Material provided:

━━━━━━━━━━

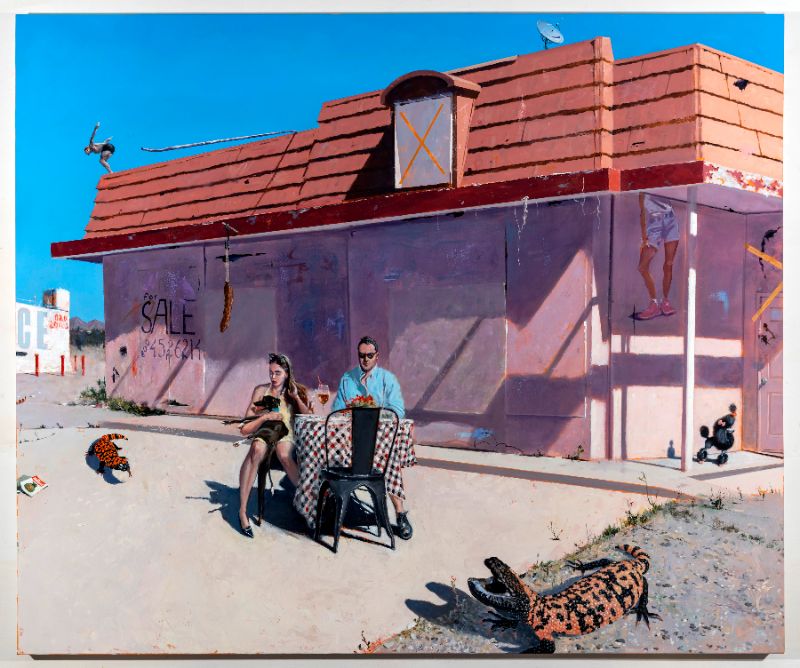 Waking Life — image 1 of 1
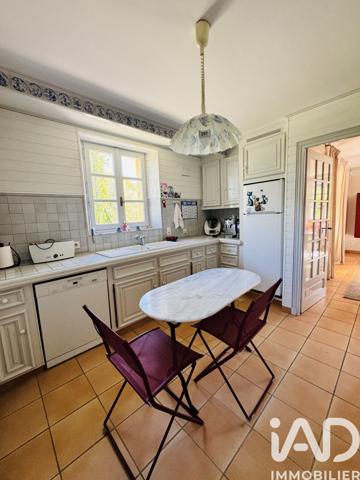 Maison à vendre 6 pièces 170 m² Prayssac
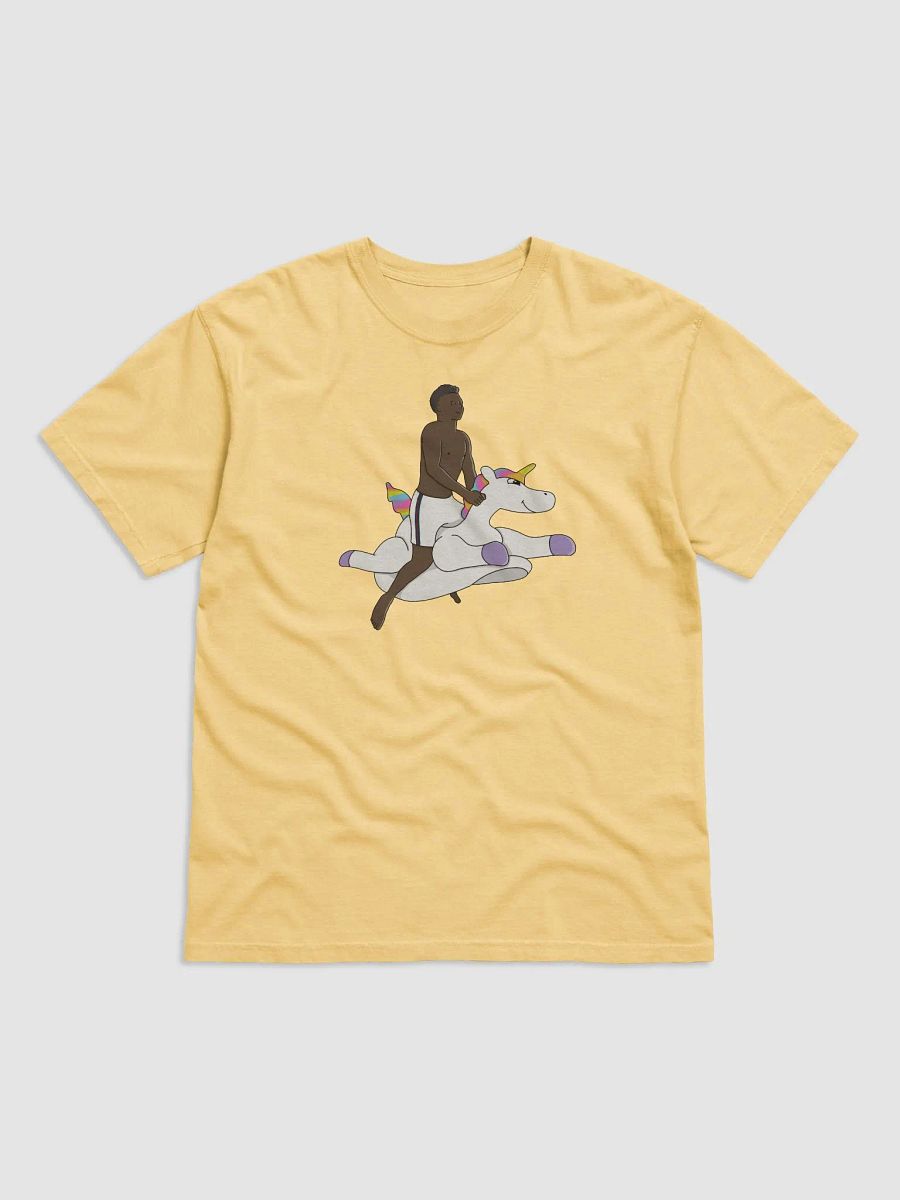 Bukayo Saka on a Unicron on a shirt product image (3)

━━━━━━━━━━

What is expected: Please restate exactly the lines from the one containing "Maison à vendre 6 pièces 170 m² Prayssac" down to the end of the material, both ends kept, and do not include the pictures.

Answer to the problem:
 Maison à vendre 6 pièces 170 m² Prayssac
 Bukayo Saka on a Unicron on a shirt product image (3)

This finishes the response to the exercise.